↓↓↓

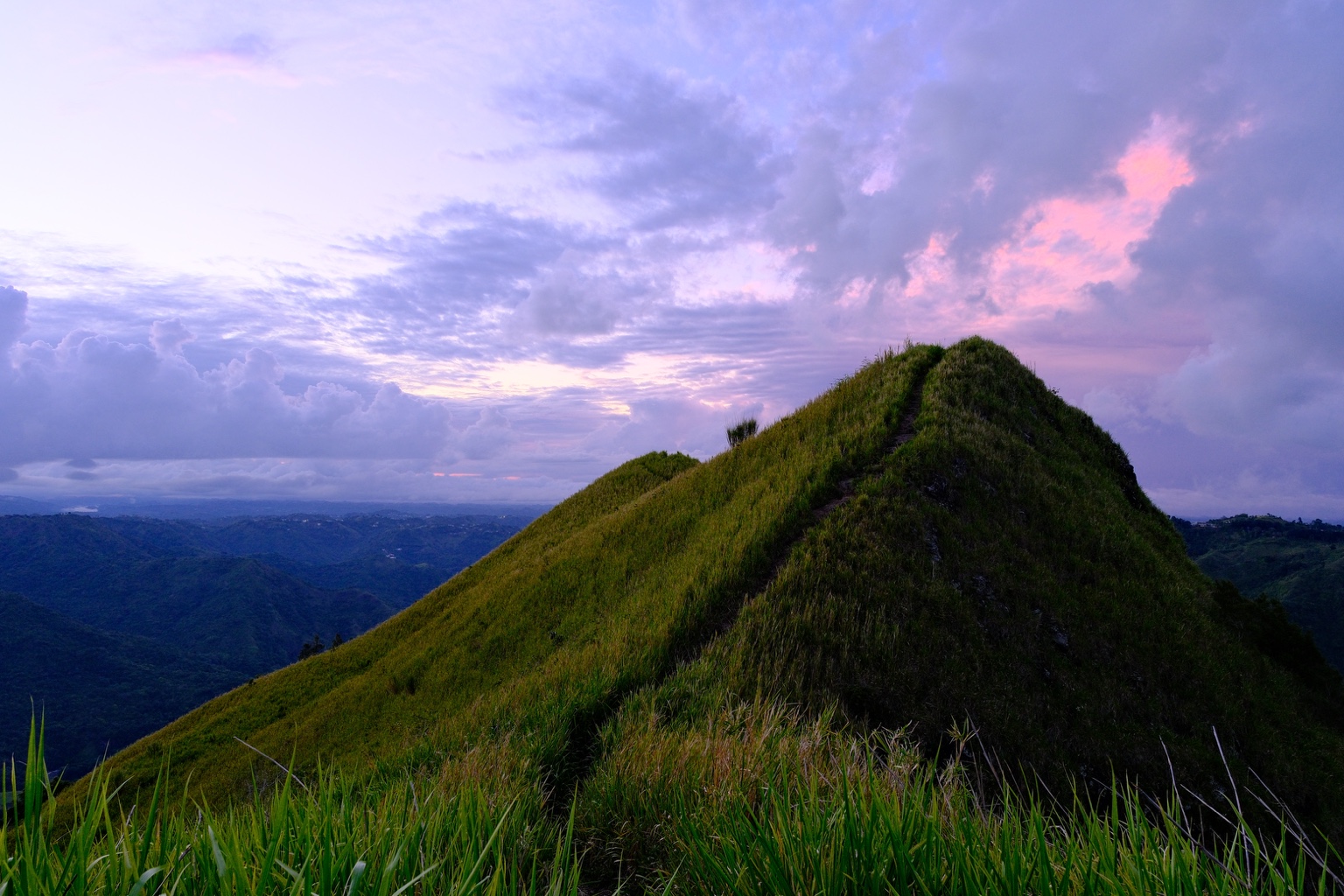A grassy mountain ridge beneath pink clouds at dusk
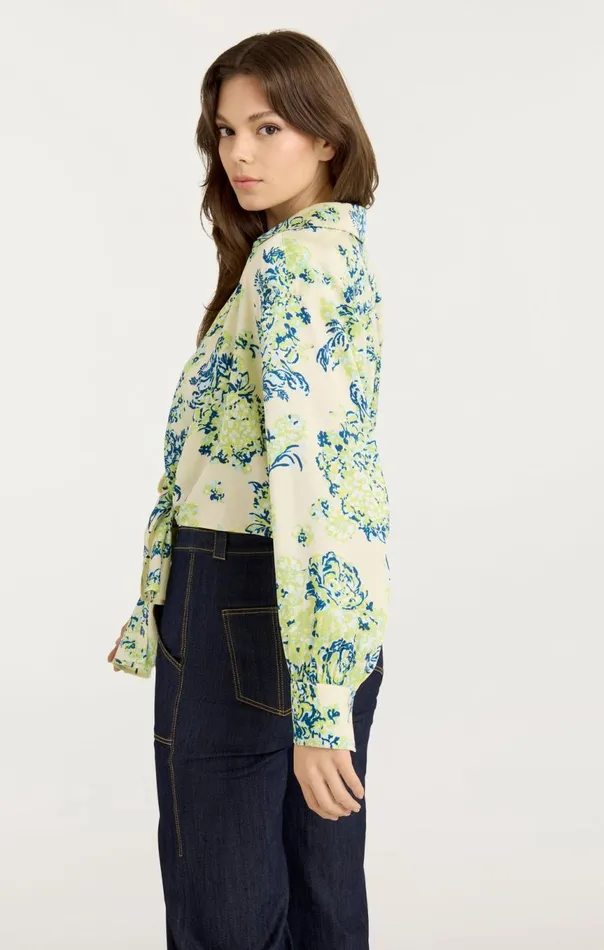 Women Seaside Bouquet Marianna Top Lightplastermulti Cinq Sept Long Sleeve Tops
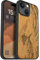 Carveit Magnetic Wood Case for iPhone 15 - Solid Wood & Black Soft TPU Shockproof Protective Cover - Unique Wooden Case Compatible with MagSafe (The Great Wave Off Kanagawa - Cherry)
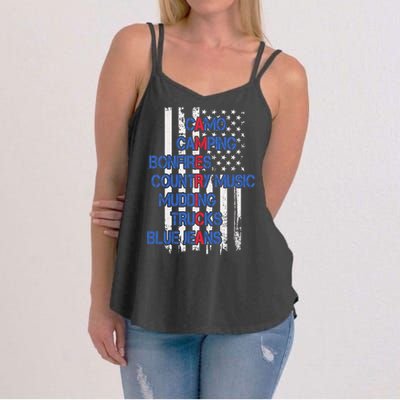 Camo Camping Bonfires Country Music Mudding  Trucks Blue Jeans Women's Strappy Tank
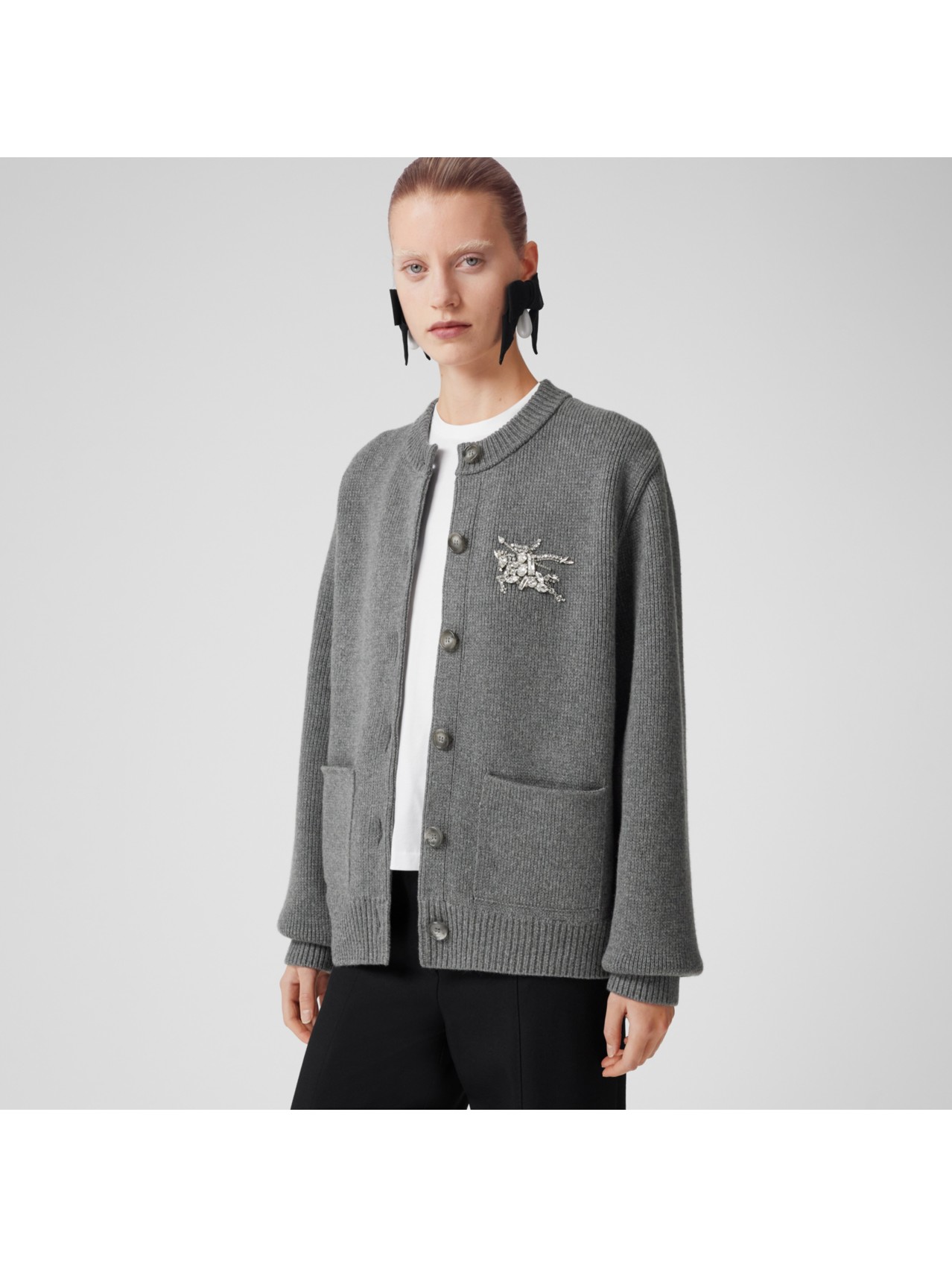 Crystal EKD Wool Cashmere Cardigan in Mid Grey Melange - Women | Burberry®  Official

↑↑↑

● **BRIEF**: Should a record include a picture, omit it from your copy and return the rest unchanged.

● **ANSWER BELOW**:
A grassy mountain ridge beneath pink clouds at dusk
 Women Seaside Bouquet Marianna Top Lightplastermulti Cinq Sept Long Sleeve Tops
 Carveit Magnetic Wood Case for iPhone 15 - Solid Wood & Black Soft TPU Shockproof Protective Cover - Unique Wooden Case Compatible with MagSafe (The Great Wave Off Kanagawa - Cherry)
 Camo Camping Bonfires Country Music Mudding  Trucks Blue Jeans Women's Strappy Tank
 Crystal EKD Wool Cashmere Cardigan in Mid Grey Melange - Women | Burberry®  Official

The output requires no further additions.